From somewhere inside Patsy’s jeans came soft male voices intoning “Om.” It turned out to be her cell phone, which she pulled from a pocket. “Hi, baby,” she said into the phone, like the happy, sexy, pregnant woman that she was. “Yeah, I just told her.” Her eyes flicked up to Pru’s. “I miss you guys,” she said. “When will you get here?” She stood up and went inside the apartment.
The leaves in the trees overhead made a dappled pattern of shadows on the table in front of her. A new baby! Already, she was making plans. They could move Annali into Pru’s room, to make room for the nursery. She pictured billowy curtains, a tinkly mobile of stuffed animals, maybe an original Pooh theme. She imagined the baby’s soft, newborn smell. Large, moist, alien eyes, blinking quietly in the morning sun. She saw it reaching up to grab her nose as she changed its diaper.
She drank her margarita. Did their mother already know? She would probably want to move in with them, too. Well, why not? Pru thought. She could get her to finally sell that house, and it would be so good for the girls to have her around. She finished Patsy’s margarita, too, as Whoop came leaping through the door, followed by Jenny. Whoop took off and landed in Pru’s lap, leaving the puppy to almost skitter off the edge of the deck.
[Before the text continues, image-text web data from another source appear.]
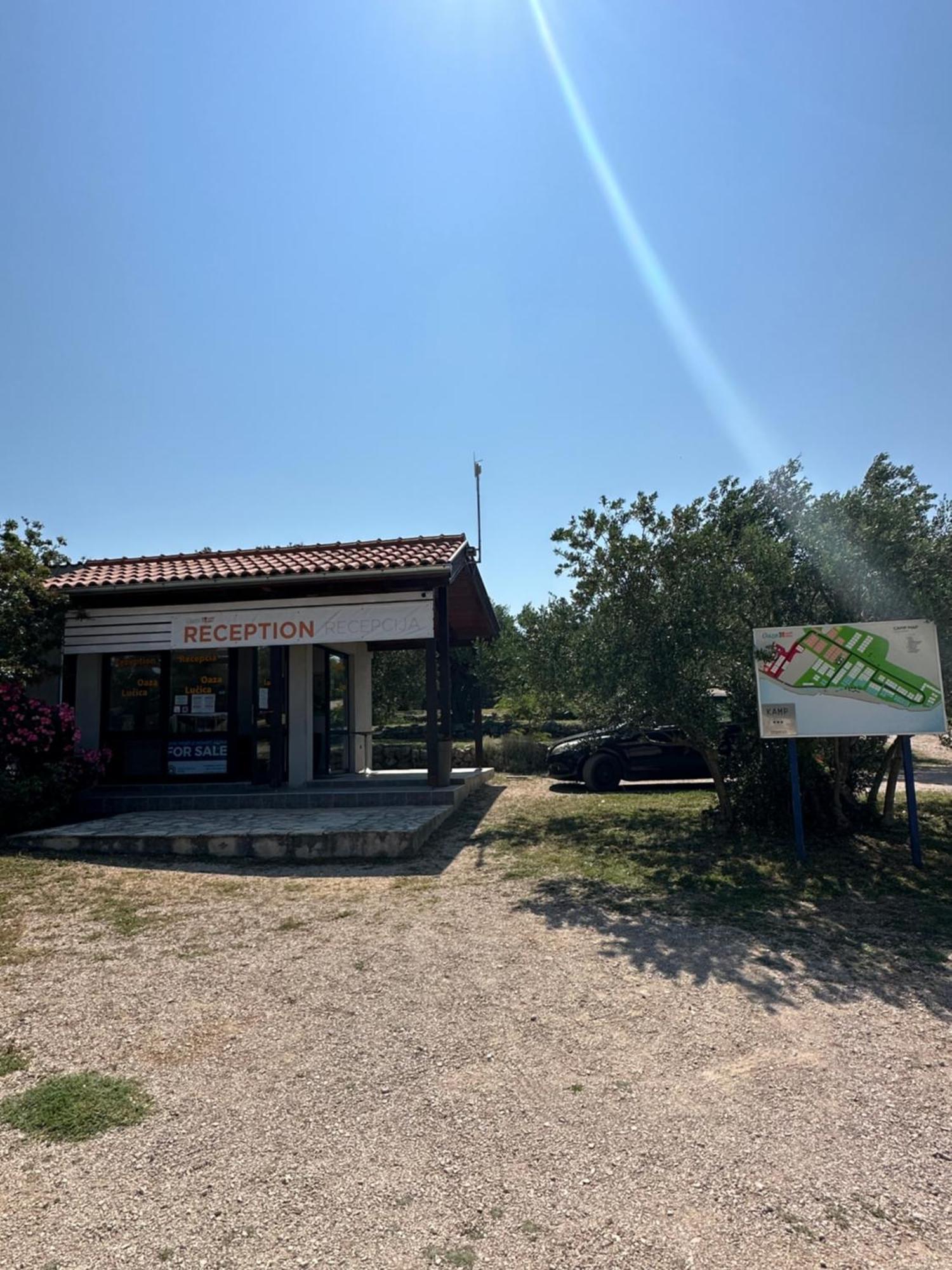 Diamond Coast Mobile Home Драге Екстериор снимка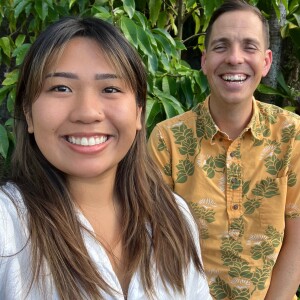 Hui Mo‘olelo #41: Angelica Daoang & Lance Collins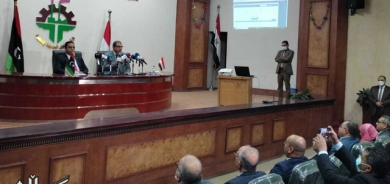 لیبیا: پێویستمان بە ملیۆنێک کرێکاری میسری هەیە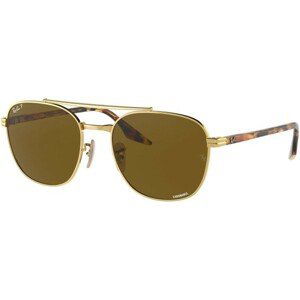 Ray-Ban Chromance Collection RB3688 001/AN Polarized - M (52)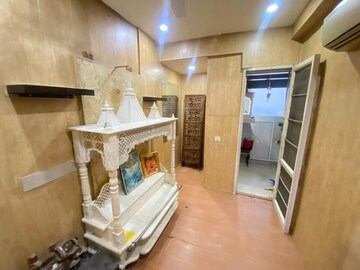 Master Bedroom in 3 BHK Apartment at BPTP Park Grandeura, Sector 82 – for Rent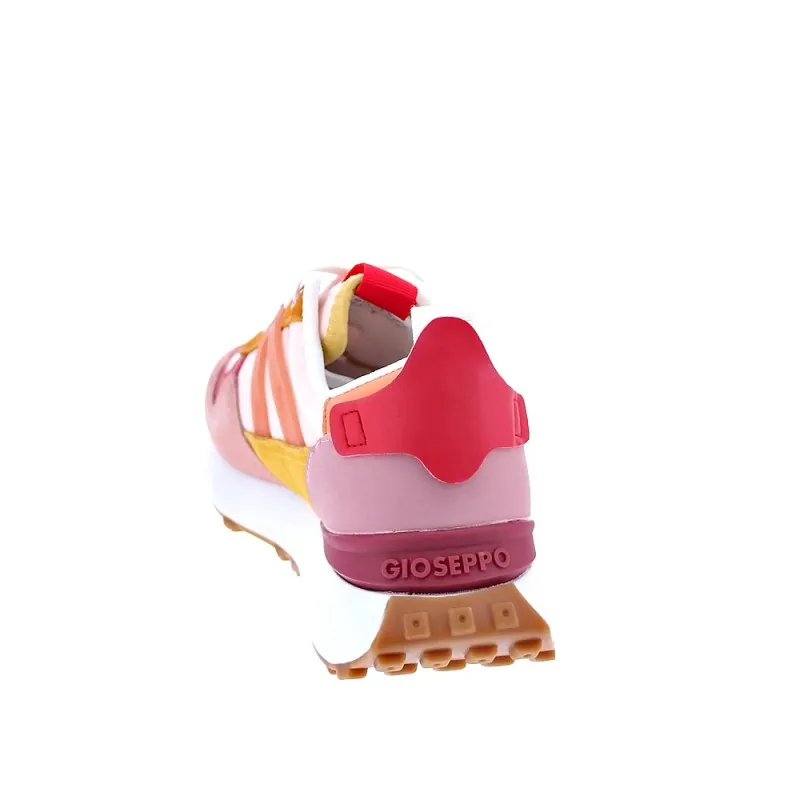 Gioseppo Zapatillas Mujer Adair Rosa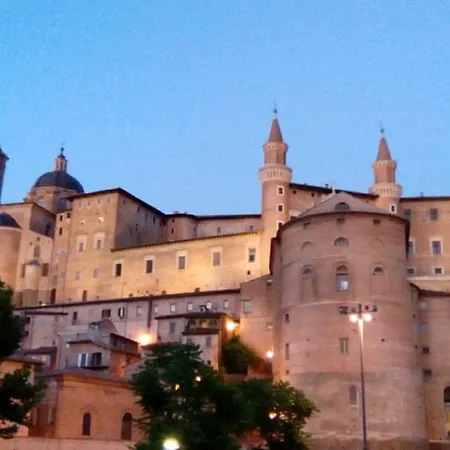 Antares Apartment Pesaro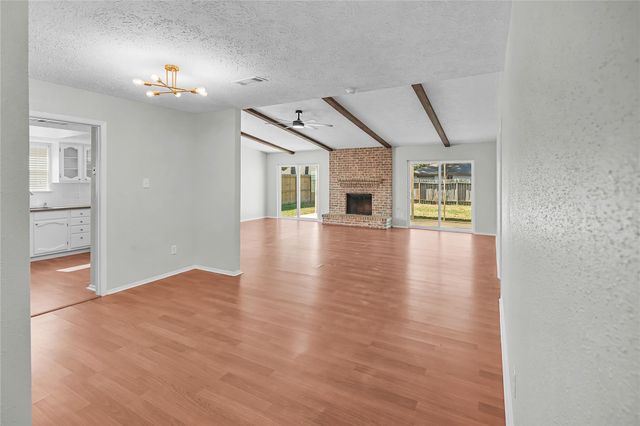 16911 Jane Lynn Lane, Houston, TX 77070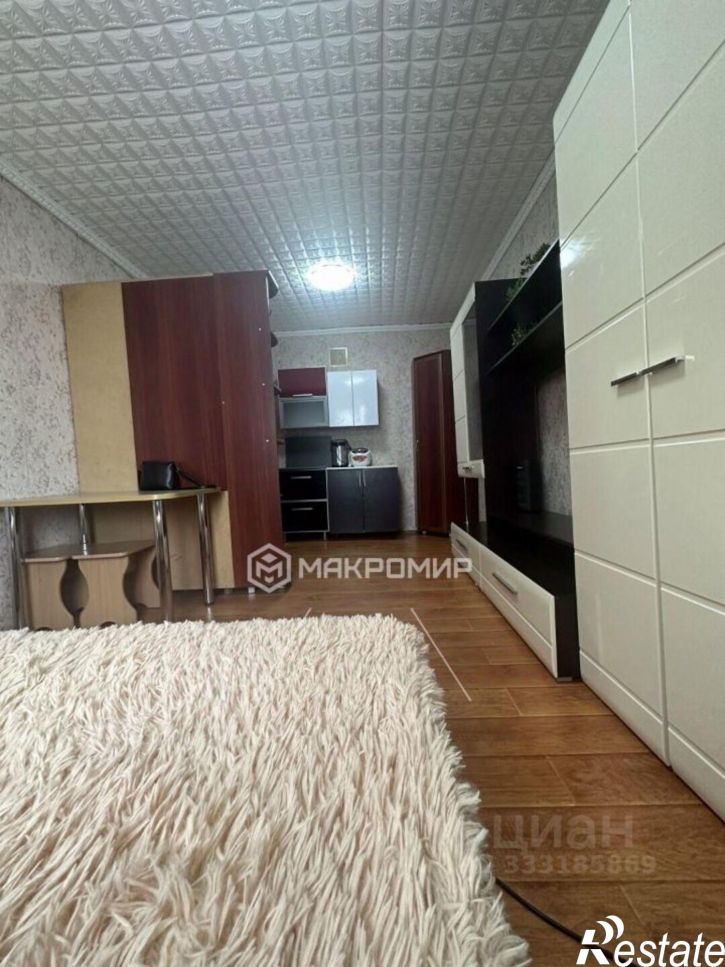 Комната Брянск г., Бежицкий, Северный пер.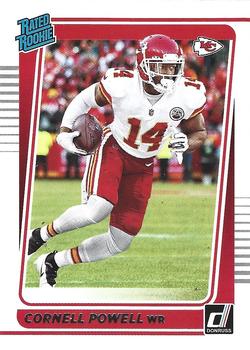 Cornell Powell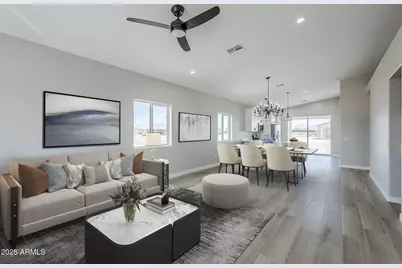 3605 N Zapotec Avenue, Eloy, AZ 85131 - Photo 2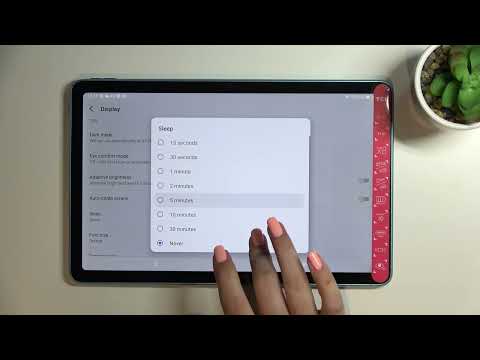 How to Enable Automatic System Update in TCL 10 TabMax – Install Latest System Update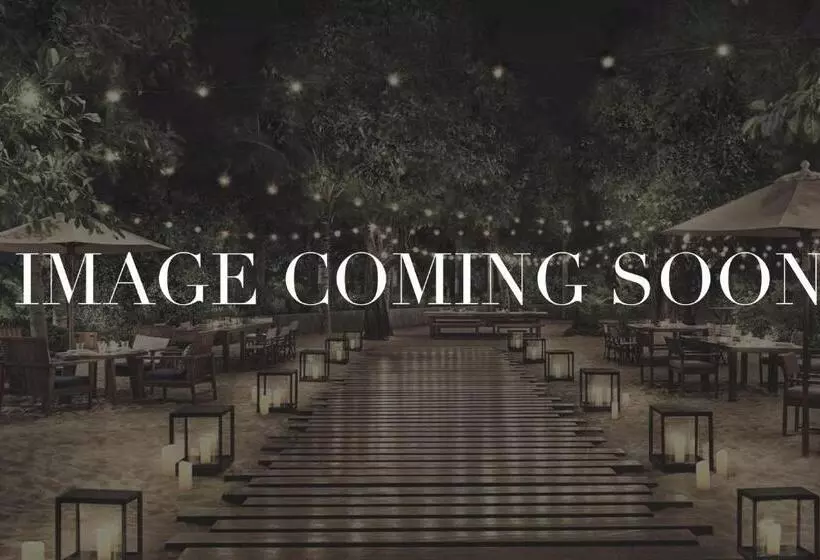 Hotelli The Riviera Maya Edition At Kanai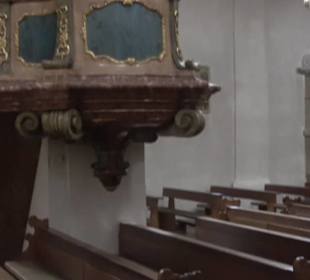Stift Niedermünster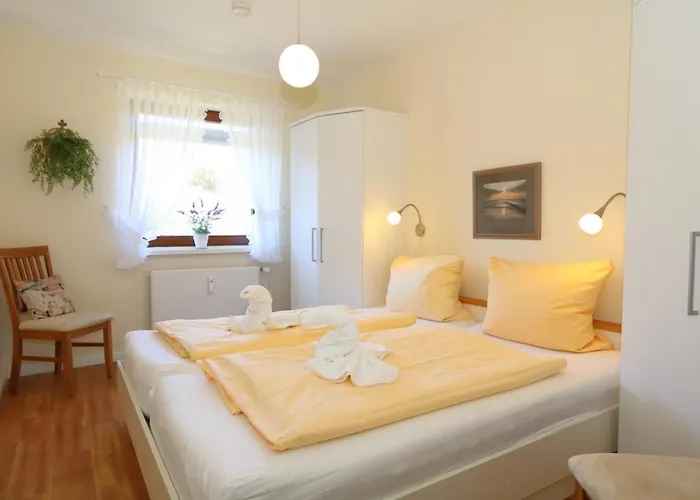 Lägenhet Haus Alice - Segatz 36/2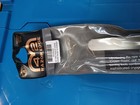 Crown Tools 261razw 3 4 Inch Round Nose Scraper New 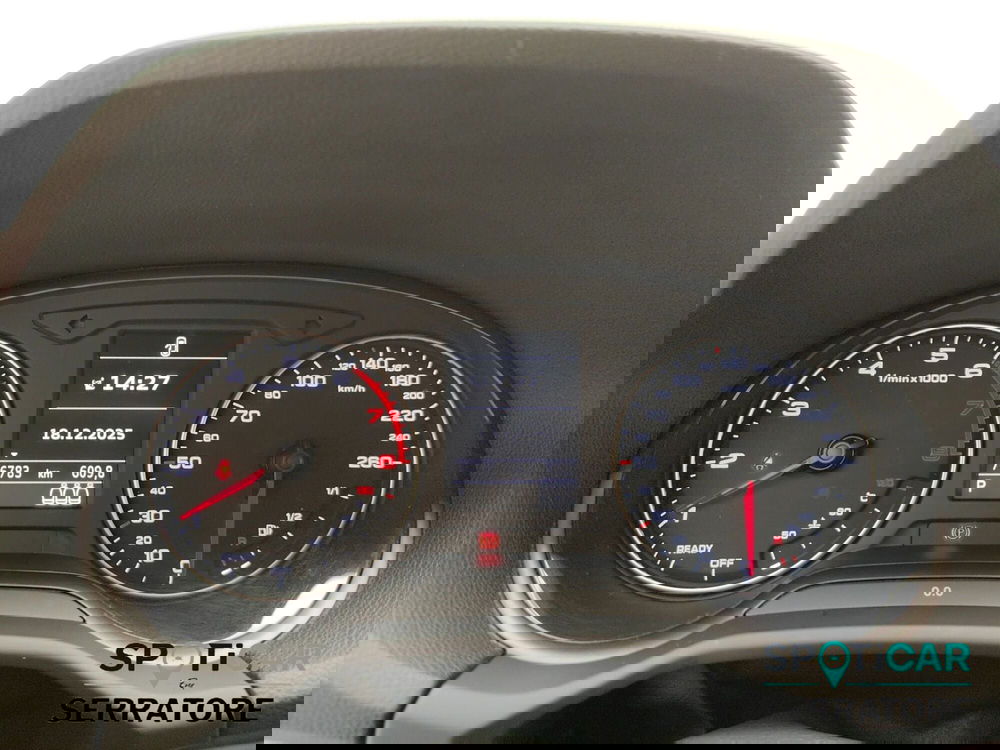 Audi Q2 usata a Como (8)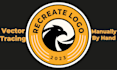 recreate redesign redraw and redo logo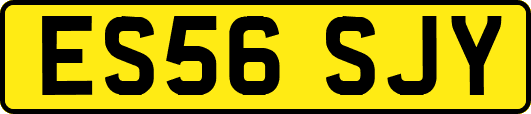 ES56SJY
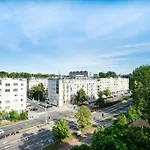 Odpoczink 2-pokojowe Mieszkanie W Centrum Gdynia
She could feel her heart pound in her chest. She thought it had dropped out of her chest and onto the floor of John’s café, but no. Here it was, pounding away to beat the band, threatening to leap out of her mouth and dance around the deck, with wild abandon and glee.
SHE WAS LOOKING UP LISTS OF BABY NAMES ON THE INTERNET (she was liking Hero, for a girl, and Gabriel, if it was a boy) when the phone rang.
She picked it up and was surprised to hear John’s voice. “I’m downstairs, outside your apartment. Can I come up?”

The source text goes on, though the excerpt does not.